VR Company Co-Founder Spends an Entire Week in a VR Headset

An anonymous reader quotes PC Gamer:
Not too long into a 168-hour VR marathon session, Jak Wilmot admits the monotony got to him. Wilmot, who is the co-founder of Disrupt VR, also says this experiment is “quite possibly the dumbest thing” he’s ever done. So, why do it? For science, of course. I can’t imagine immersing myself in a virtual world for a full week, nonstop night and day. Wilmot did it, though, for the most part — he allowed himself 30 seconds to switch VR headsets when needed, and 30 seconds without a headset on to eat, if required. Other than those small breaks, he spent every other moment in VR…

There doesn’t seem to be some big takeaway from this experiment (aside from, perhaps, don’t drink coffee while playing VR), though one thing I also found interesting was his integration back into the real world when the experiment was over. “I have never appreciated the smell of outside air so much. One thing we cannot replicate is nature. We can do it visually and auditorally, but there is something about the energy of outside that is amazing,” Wilmot observed.
PC Gamer calls it “probably at least partially a publicity stunt.

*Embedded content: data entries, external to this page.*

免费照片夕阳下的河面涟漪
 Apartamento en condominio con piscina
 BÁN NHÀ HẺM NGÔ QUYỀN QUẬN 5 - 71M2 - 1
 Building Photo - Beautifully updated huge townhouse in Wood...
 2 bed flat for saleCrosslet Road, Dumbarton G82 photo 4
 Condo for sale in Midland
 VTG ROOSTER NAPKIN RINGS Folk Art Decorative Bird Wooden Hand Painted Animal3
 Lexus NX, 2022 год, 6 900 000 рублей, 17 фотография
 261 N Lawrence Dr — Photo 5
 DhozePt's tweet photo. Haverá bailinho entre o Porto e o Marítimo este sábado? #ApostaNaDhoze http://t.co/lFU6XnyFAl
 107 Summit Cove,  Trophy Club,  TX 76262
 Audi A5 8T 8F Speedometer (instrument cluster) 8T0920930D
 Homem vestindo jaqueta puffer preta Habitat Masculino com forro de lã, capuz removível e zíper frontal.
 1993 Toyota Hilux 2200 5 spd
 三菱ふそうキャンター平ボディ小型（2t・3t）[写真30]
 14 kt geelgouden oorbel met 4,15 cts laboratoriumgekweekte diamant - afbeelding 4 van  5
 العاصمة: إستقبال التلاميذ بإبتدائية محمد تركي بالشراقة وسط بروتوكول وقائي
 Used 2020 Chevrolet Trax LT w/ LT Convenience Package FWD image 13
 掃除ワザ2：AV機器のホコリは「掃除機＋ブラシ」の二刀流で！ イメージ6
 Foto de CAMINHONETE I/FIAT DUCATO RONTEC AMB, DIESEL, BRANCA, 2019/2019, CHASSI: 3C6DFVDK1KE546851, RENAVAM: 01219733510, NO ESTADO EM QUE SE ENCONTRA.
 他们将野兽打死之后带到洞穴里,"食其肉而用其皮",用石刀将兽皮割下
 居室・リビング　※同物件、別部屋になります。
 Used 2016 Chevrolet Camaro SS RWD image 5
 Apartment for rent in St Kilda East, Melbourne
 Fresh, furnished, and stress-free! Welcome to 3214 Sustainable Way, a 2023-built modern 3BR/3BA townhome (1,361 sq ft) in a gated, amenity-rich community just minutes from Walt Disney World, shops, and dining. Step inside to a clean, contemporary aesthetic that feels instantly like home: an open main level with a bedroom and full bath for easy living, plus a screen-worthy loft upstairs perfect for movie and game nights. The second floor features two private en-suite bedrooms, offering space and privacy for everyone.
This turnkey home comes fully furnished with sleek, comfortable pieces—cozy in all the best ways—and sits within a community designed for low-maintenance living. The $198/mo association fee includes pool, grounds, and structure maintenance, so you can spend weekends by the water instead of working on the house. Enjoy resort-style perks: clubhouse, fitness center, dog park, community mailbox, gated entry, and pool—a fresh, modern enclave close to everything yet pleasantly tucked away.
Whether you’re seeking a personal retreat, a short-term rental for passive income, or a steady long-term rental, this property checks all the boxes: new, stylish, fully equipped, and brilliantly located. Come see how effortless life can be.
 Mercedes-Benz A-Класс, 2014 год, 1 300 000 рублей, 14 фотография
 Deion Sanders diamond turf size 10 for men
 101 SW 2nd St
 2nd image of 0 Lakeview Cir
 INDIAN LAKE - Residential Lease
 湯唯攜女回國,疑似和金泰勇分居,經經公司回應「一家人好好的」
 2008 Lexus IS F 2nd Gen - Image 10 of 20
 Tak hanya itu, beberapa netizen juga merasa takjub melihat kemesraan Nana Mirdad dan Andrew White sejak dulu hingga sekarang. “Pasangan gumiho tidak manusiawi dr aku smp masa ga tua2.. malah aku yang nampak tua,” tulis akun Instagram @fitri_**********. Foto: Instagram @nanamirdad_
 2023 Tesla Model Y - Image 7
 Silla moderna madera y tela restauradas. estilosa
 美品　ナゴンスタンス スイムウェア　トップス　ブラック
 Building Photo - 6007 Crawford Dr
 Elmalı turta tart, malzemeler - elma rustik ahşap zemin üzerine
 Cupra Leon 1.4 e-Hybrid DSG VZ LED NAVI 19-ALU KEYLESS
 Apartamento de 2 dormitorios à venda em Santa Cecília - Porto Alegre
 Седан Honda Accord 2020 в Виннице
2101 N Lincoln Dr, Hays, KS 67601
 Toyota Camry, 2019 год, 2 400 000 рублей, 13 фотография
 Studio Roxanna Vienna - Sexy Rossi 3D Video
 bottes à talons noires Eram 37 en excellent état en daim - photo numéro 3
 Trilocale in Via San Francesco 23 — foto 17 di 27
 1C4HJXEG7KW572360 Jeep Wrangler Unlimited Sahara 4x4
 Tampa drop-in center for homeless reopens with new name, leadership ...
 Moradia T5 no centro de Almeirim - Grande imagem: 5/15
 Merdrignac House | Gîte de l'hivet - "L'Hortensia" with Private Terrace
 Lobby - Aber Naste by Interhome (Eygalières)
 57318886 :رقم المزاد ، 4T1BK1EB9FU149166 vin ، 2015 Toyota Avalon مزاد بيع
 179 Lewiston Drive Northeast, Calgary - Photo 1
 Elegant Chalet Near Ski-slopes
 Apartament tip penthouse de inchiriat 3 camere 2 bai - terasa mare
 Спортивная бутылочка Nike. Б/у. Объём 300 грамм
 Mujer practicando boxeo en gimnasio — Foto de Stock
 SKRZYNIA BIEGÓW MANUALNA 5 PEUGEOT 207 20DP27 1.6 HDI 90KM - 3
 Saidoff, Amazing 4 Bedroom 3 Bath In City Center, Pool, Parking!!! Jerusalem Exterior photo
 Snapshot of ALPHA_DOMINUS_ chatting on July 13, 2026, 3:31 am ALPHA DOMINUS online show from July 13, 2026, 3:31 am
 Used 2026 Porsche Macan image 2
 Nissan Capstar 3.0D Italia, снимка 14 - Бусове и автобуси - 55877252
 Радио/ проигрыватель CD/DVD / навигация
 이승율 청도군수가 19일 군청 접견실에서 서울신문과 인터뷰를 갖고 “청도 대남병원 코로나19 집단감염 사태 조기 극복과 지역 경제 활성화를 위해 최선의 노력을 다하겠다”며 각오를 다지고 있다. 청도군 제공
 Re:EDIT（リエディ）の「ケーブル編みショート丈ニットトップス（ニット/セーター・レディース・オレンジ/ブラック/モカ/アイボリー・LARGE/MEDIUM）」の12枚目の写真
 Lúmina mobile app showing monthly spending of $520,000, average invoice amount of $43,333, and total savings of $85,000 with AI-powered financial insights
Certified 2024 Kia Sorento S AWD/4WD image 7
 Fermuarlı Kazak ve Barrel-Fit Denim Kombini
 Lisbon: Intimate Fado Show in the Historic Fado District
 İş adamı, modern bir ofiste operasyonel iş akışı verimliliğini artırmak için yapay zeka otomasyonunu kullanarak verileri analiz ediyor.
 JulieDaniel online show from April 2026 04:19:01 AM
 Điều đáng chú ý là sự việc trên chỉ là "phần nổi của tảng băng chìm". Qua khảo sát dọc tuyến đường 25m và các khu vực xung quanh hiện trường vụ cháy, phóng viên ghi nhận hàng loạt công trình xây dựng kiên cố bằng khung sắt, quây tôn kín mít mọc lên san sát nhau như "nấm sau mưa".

But it’s still interesting to see how donning a VR headset for an extended period of time and essentially living in virtual worlds can mess with the mind.” Wilmot wore VR gear while working — and even while showering (with the VR gear protected by plastic), blacking out his windows so he couldn’t tell day from night, calling it “a week in the future…”

“I almost feel like I’m in my own 500-suare-foot spaceship,” he says at one point, “and I’m really missing earth, and I’m missing nature.” Early on he also reported some mild claustrophobia.

You can watch the moment where after seven days he removes the headset and returns to conventional reality, joking “Oh my gosh, the graphics are so good.” He reports a slight disorientation as his eyes catch up with real ilfe, and says it changed his perspective on people in the real world, seeing them as “individuals in one collection, one environment — as avatars.”